(Given information)
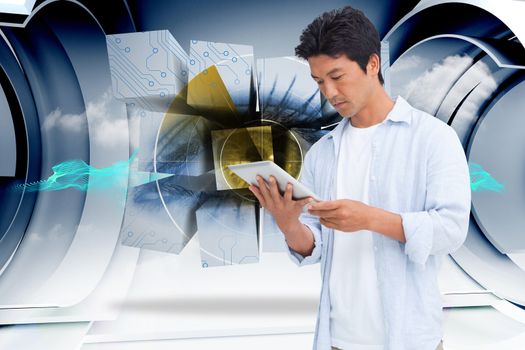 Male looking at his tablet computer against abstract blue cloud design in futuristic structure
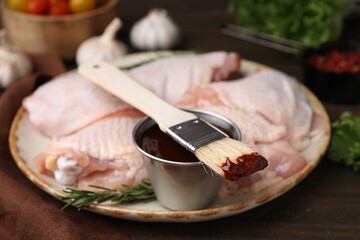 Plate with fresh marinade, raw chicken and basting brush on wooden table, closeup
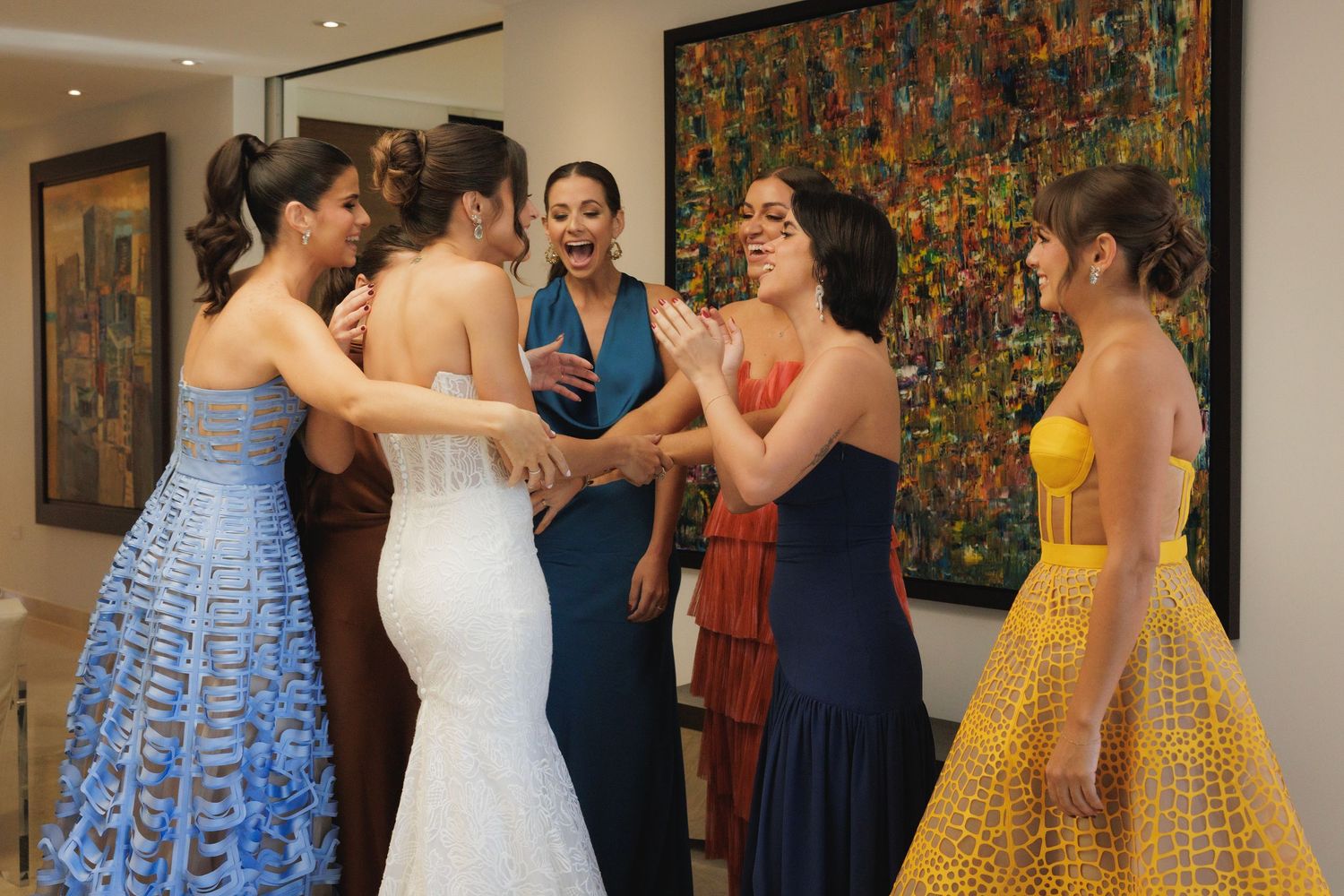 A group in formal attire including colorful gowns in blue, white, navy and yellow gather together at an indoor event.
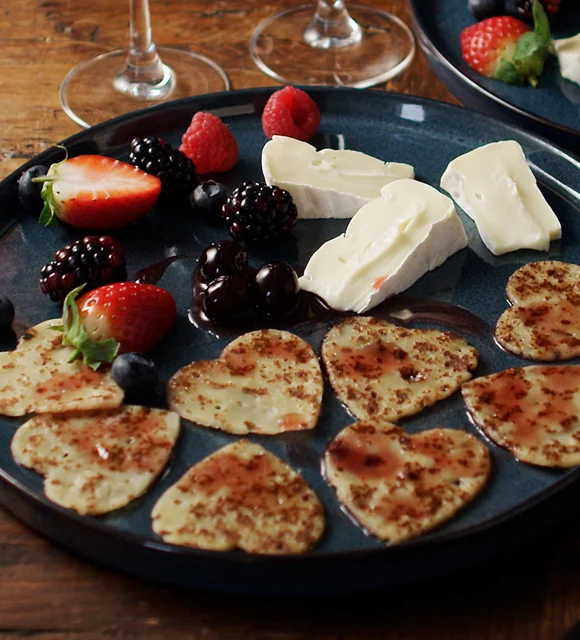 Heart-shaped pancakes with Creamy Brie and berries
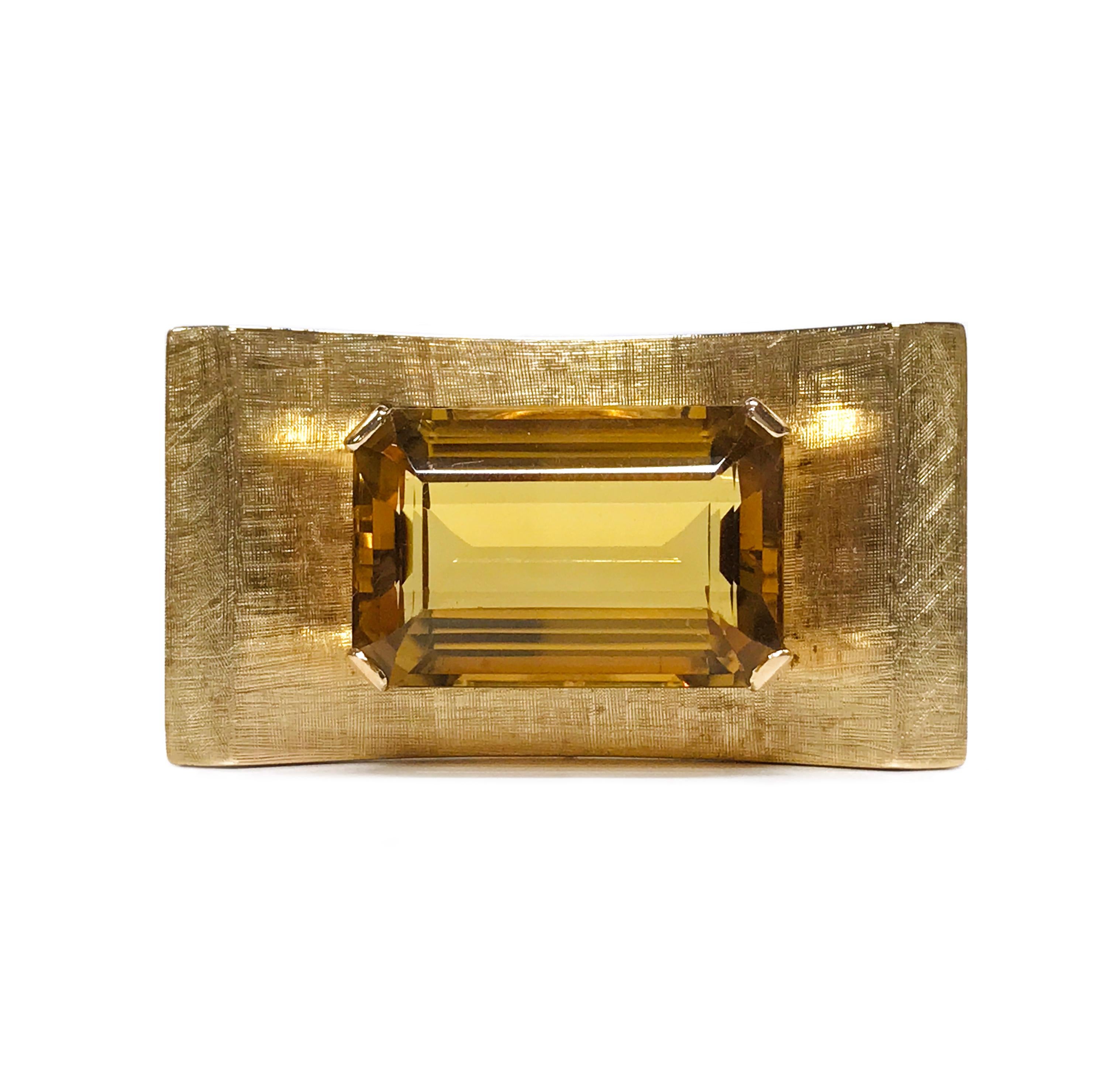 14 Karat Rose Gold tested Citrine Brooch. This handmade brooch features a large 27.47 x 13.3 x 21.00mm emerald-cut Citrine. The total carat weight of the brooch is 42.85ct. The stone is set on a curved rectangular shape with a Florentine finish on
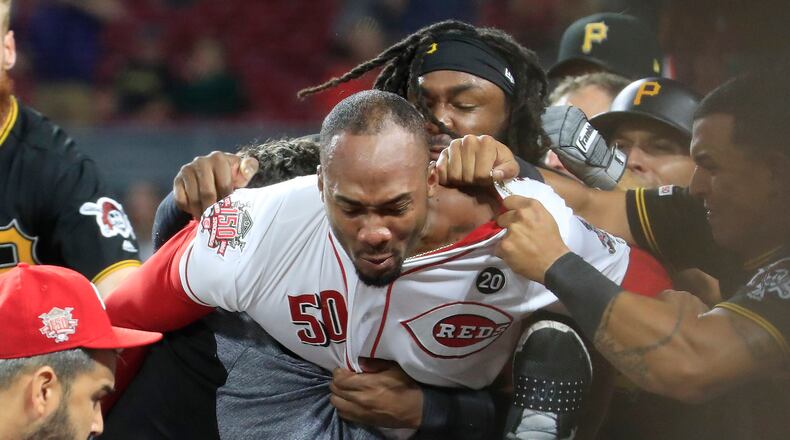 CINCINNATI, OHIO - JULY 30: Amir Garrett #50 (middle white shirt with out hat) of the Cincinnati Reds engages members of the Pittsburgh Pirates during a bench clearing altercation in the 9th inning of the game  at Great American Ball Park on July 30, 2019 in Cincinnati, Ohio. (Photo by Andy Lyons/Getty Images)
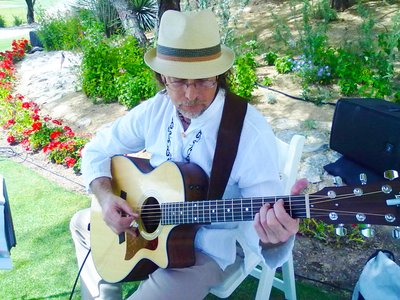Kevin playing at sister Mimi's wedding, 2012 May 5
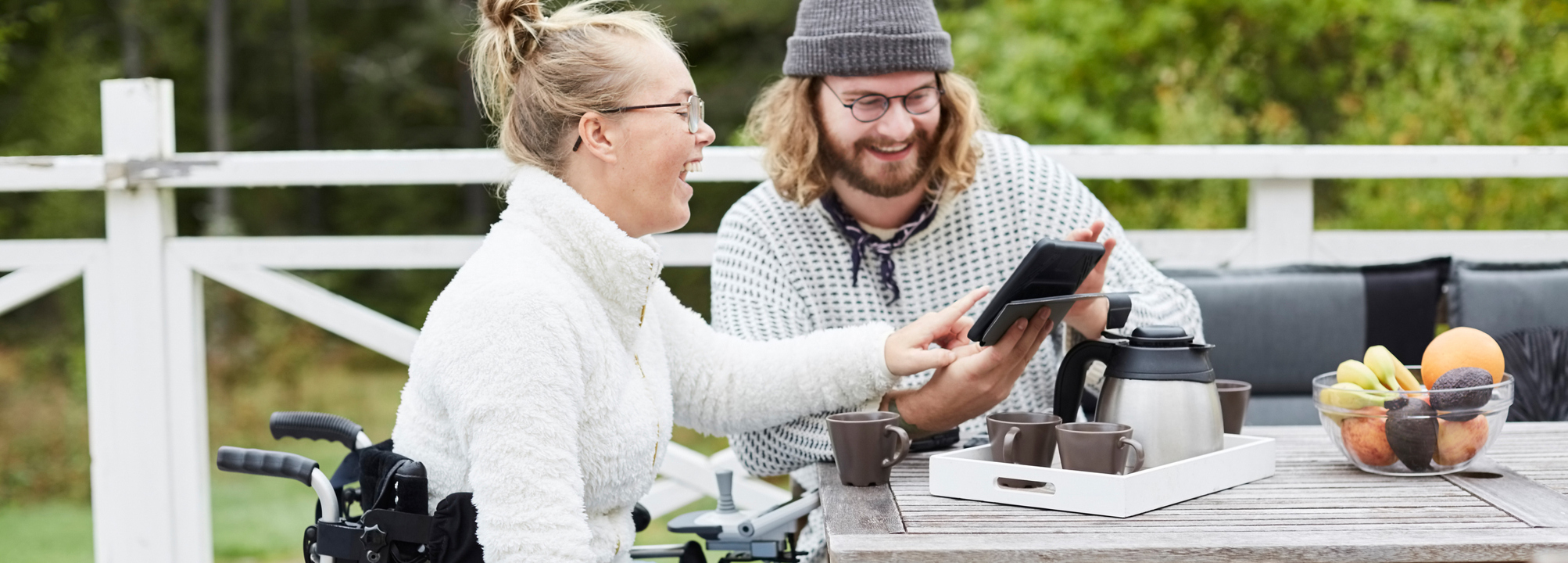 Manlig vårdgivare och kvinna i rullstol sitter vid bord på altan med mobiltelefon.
(End Given information)
▶ _Exercise description_:
Through to the final line, copy the material above exactly and skip the images.

▶ _Result for this task_:
 Male looking at his tablet computer against abstract blue cloud design in futuristic structure
 Plate with fresh marinade, raw chicken and basting brush on wooden table, closeup
 A group in formal attire including colorful gowns in blue, white, navy and yellow gather together at an indoor event.
 Heart-shaped pancakes with Creamy Brie and berries
 14 Karat Rose Gold tested Citrine Brooch. This handmade brooch features a large 27.47 x 13.3 x 21.00mm emerald-cut Citrine. The total carat weight of the brooch is 42.85ct. The stone is set on a curved rectangular shape with a Florentine finish on
 CINCINNATI, OHIO - JULY 30: Amir Garrett #50 (middle white shirt with out hat) of the Cincinnati Reds engages members of the Pittsburgh Pirates during a bench clearing altercation in the 9th inning of the game  at Great American Ball Park on July 30, 2019 in Cincinnati, Ohio. (Photo by Andy Lyons/Getty Images)
Kevin playing at sister Mimi's wedding, 2012 May 5
 Manlig vårdgivare och kvinna i rullstol sitter vid bord på altan med mobiltelefon.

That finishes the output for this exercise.